Most software development, SRE, and DevOps teams have implemented or are working to move to some form of continuous integration and continuous delivery pipeline (CI/CD). The goal is to automate the software application build process to enhance velocity. Some even expand on that with continuous deployment to production!
The high level application development process now goes something like this.
Then, they make small, atomic changes and check the modified or enhanced code back in. The code check in triggers an automated build process using a pipeline created using a git hook script or integrated pipeline software like Jenkins, Travis CI, Spinnaker, Bamboo, and the like.
The build pipeline that is implemented is different depending on how it is designed. Commonly they include stages for things like automated unit tests, automated deployment to a stage environment or a testing environment, and automated testing in that pre-production environment.
At this point, there is typically a pass/fail notification that is returned for each stage. When all of those stages are successful, there is generally a trigger to deploy to production. That trigger may be automated, especially when it is a canary deployment designed to test one or more limited instances of a new build alongside numerous instances of the previous build, but these triggers are more frequently activated by a human.

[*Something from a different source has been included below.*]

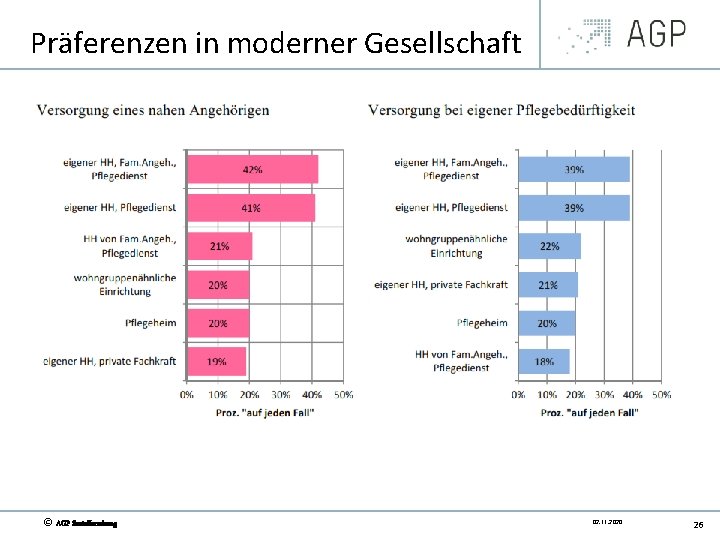 Präferenzen in moderner Gesellschaft © AGP Sozialforschung 02. 11. 2020 26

See Gremlin’s article How to Safely Manage Change in a CI/CD world for a deeper explanation of CI/CD pipelines. The article includes information about how to implement a CI/CD pipeline safely, how CI/CD is different from older software development processes, and a discussion of the change management evolution happening today. It also discusses the implementation of a deployment pipeline, which some engineering teams are using with great success, especially with cloud-native applications.
This graphic shows where different types of chaos experiments can be used effectively across the various stages of your software build cycle.
Three of the chaos experiment types shown are generally done directly and with human intervention:
- Individual experiments. This is where we have a specific idea of a test design that should give us useful data to help us improve our system’s reliability and perform a one-off experiment. We may end up repeating the experiment later to confirm system enhancements and mitigation, but this is something we do not necessarily plan to test regularly.
- GameDays and FireDrills. Here we schedule a team event with shared responsibilities and a specific focus in mind. These are also typically one-time events, again with the option to repeat later to confirm that work resulting from the GameDay or FireDrill was effective.
- Scheduled experiments. These are experiments that we run in production regularly. They may be scripted and automated or run with human interaction. Either way, they are planned, regularly-occurring events that probe for something specific that we want to remain vigilant over.
It is that last type of chaos experiment that we want to focus on here: CI/CD pipeline experiments. These are well-designed, carefully scripted and automated tests that can be run real-time during the CI/CD process, triggered at any time in the gauntlet starting from after the build is complete and beyond, all the way into production.
What we are looking for with these chaos experiments is failure. We might be testing whether a newly implemented or existing problem mitigation works as designed and continues to work as designed over time as other pieces of the application evolve. For example, is the service reliable in the event of a memory leak or a storage full error? We designed it to be (perhaps after a production incident helped us understand why this was needed), but without testing, we can’t be sure what its normal behavior will be.
Our goal here is to speed up development cycles by finding real issues before they hit production or before they have the opportunity to cause problems in production.
Another use case is to automate the testing of a canary deployment of a newly upgraded instance of a microservice that is running as one instance alongside many instances of the previous service release in our cloud infrastructure. Maybe the older service is being updated due to a bug fix or feature upgrade and you are using canary deployments as part of your software life cycle to get some testing time performed in production before completely switching to the new release version universally. Use a chaos experiment to hammer the canary service to the point where the old one had problems and see if it holds up before you start replacing all instances of the service.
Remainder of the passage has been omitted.